= TRY IT =
Your copy should start at the line with "Working coveralls for men photo No. 6" and end at the line with "Dorron – Third Floor Studio" in the data below. Transcribe only those lines, exactly, pictures excluded.

= DATA UNDER STUDY =
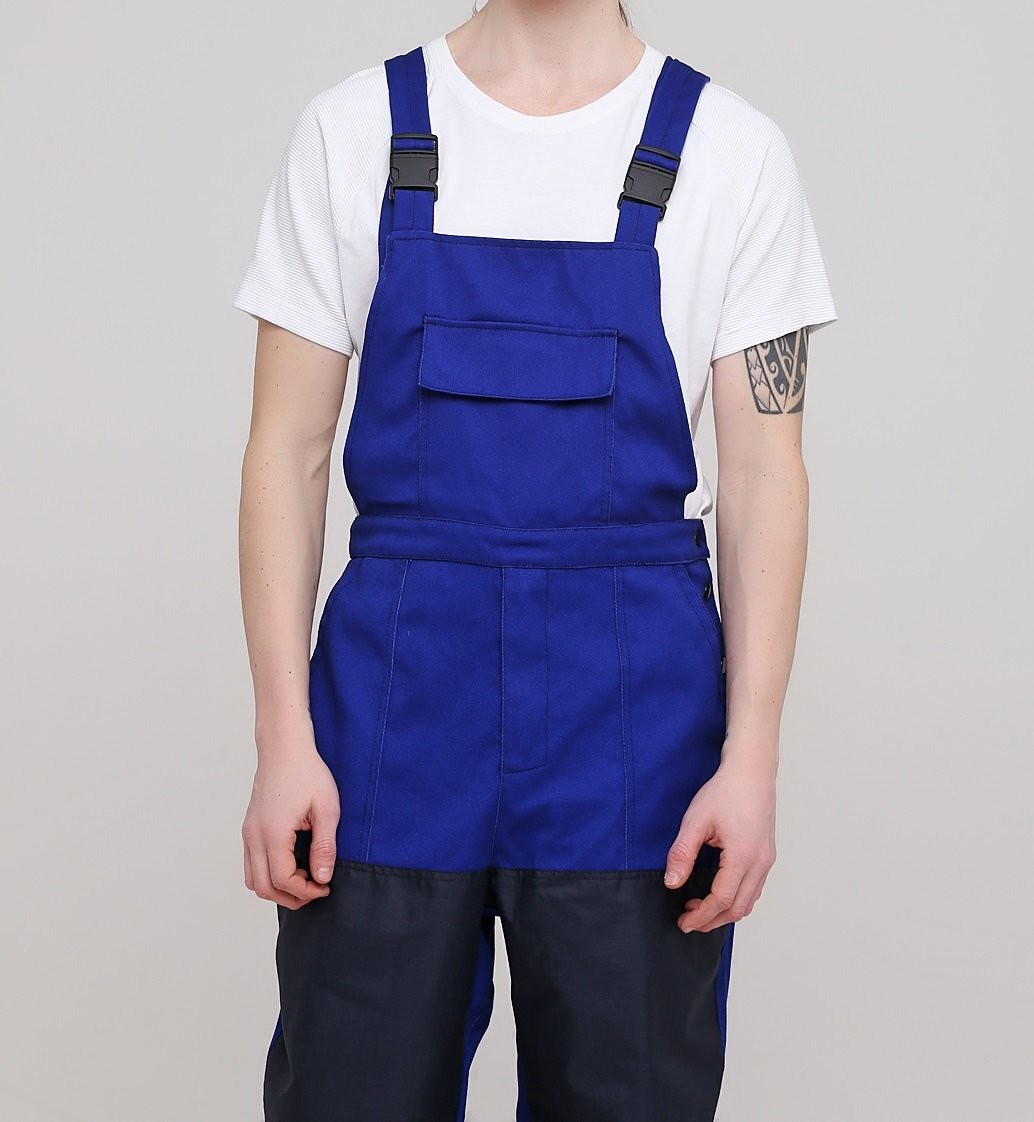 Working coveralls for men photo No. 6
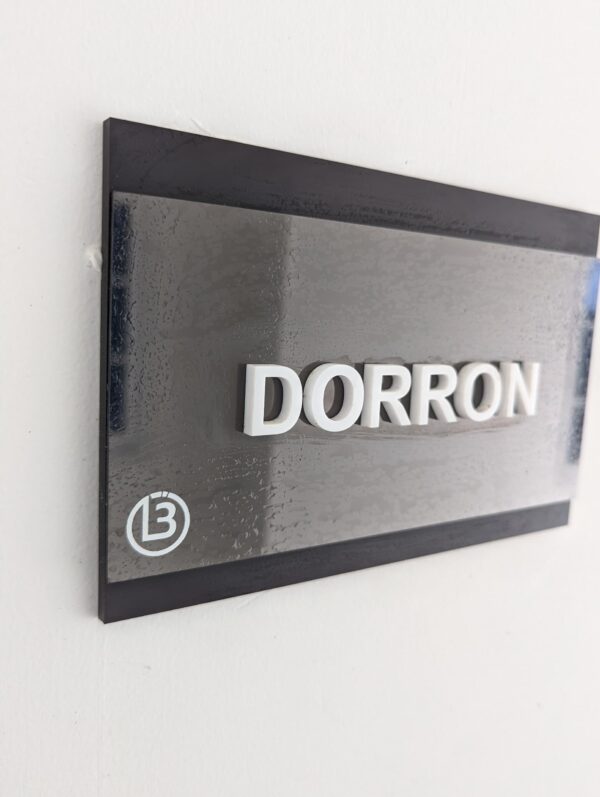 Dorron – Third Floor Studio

* * *

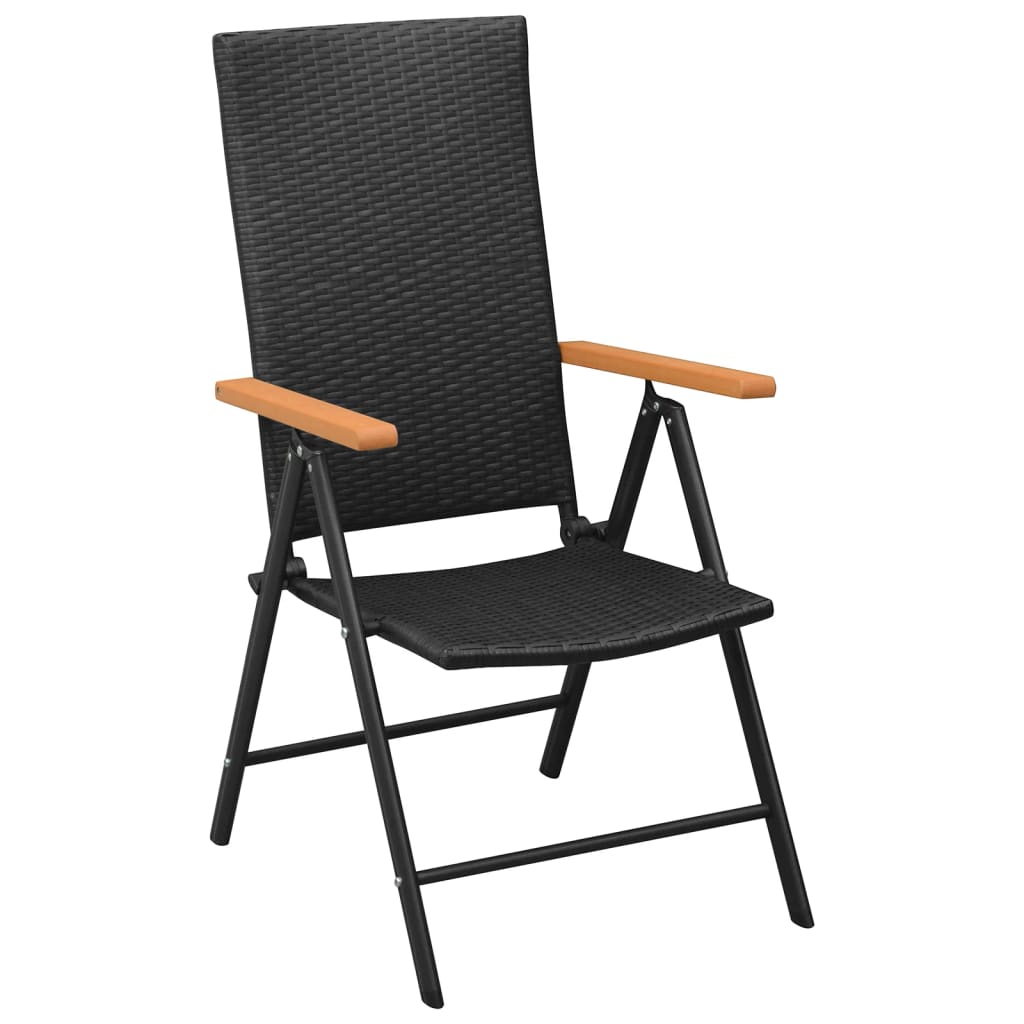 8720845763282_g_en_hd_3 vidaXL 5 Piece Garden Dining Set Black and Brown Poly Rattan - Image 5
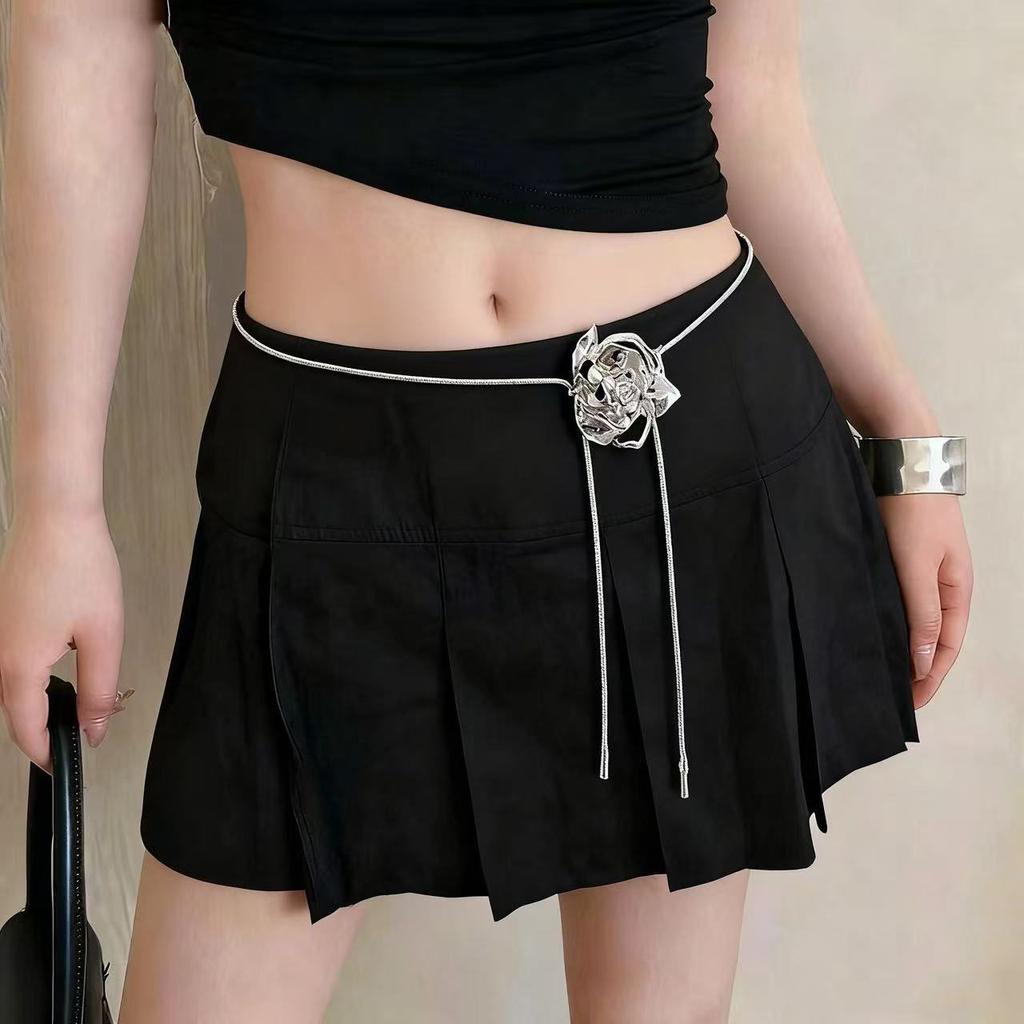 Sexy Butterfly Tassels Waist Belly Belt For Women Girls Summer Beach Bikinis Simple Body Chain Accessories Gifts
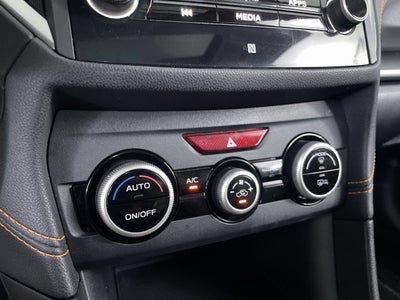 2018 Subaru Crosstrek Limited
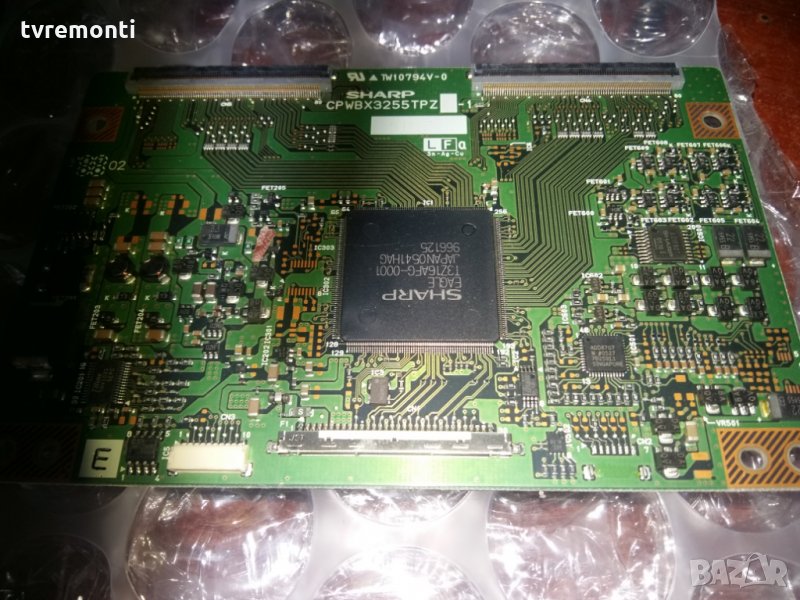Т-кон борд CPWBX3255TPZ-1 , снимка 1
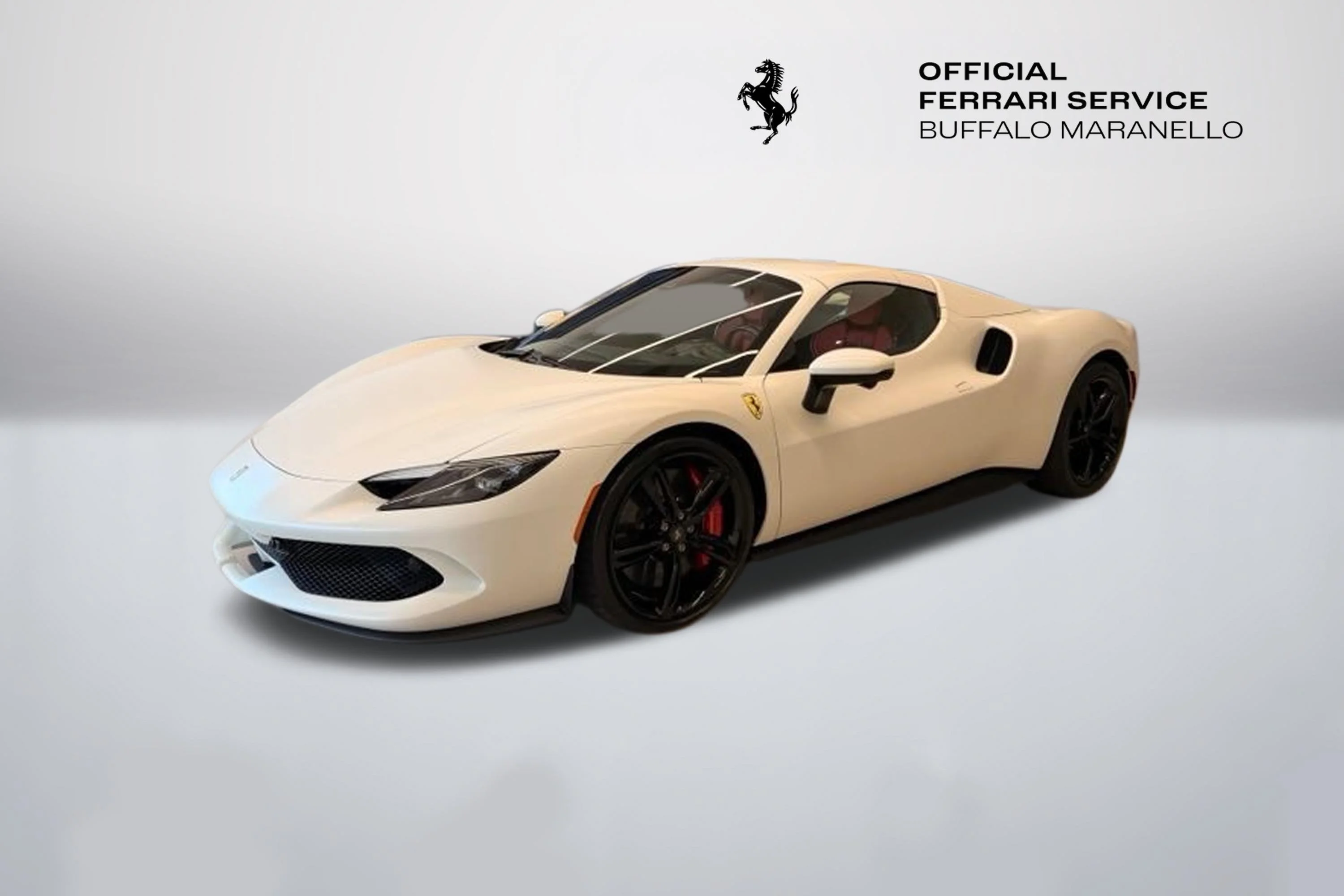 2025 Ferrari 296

= RESPONSE TO THIS TASK =
 Working coveralls for men photo No. 6
 Dorron – Third Floor Studio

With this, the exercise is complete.